How exactly does one go about making such a discovery? The first option is to simply dismantle all six million tonnes of limestone that comprise the pyramid, carefully noting the position of each part, as you destroy the UNESCO world heritage site. The advantage here is that, in principle, you could map out the entire structure of the pyramid, or as much as you could take apart before the Egyptian authorities stopped you
The alternative, is to work alongside the Heritage Innovation Preservation (HIP) Institute and find a non-invasive way to look inside the pyramid that reduces the chances of you and your colleagues being arrested. This was the approach, tactfully, adopted by the ScanPyramids team, aided by the help of tens of thousands of subatomic particles streaming in from the edge of space called cosmic ray muons.
I’d like to give these new, unsung heroes of archaeology a bit more of the limelight they deserve and explain how they were used to peer into the pyramid. The first thing to note is that every second, dozens of these muons, created at edge of the atmosphere, come showering down (harmlessly) through your body. Bear with me for this next paragraph, it’s a little jargon heavy, but the payoff is worth it.

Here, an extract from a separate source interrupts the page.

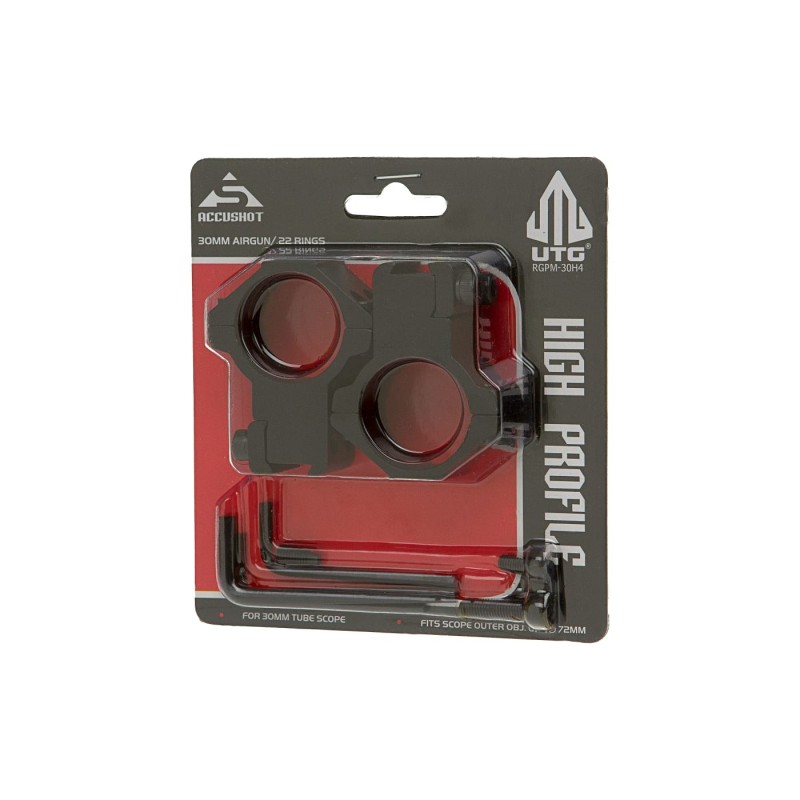 Coppia di anelli ALTI per tubo 30mm attacco slitta 11mm - Leapers®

Energetic protons (a subatomic particle found in the centre of atoms) come streaming in from supernovae, quasars and gamma ray bursts in the far reaches of the universe and collide with the atoms in the upper atmosphere of Earth. The resulting collision creates a plethora of particles called pions, each of which last only a fraction of a second before ultimately decaying into muons, charged particles that are nearly identical to *electrons, *the particles that orbit on the perimeter of atoms, giving every element its chemical properties.
What’s the upshot of all of this? When a particle like an electron bumps into matter, it gets jostled around by all the electrically charged atoms in the object and slows down. In other words, put something in an electron’s way and it’ll lose its energy and eventually stop. Muons, however, are 207 times heavier than their electron cousins! That means it takes a lot more matter to slow down a muon. Even for objects the size of buildings, most muons pass straight through, unimpeded. Neat!
![A visualisation of a cosmic ray shower. [Credit: NASA]](https://upload.wikimedia.org/wikipedia/commons/7/7a/Crshower2_nasa.jpg)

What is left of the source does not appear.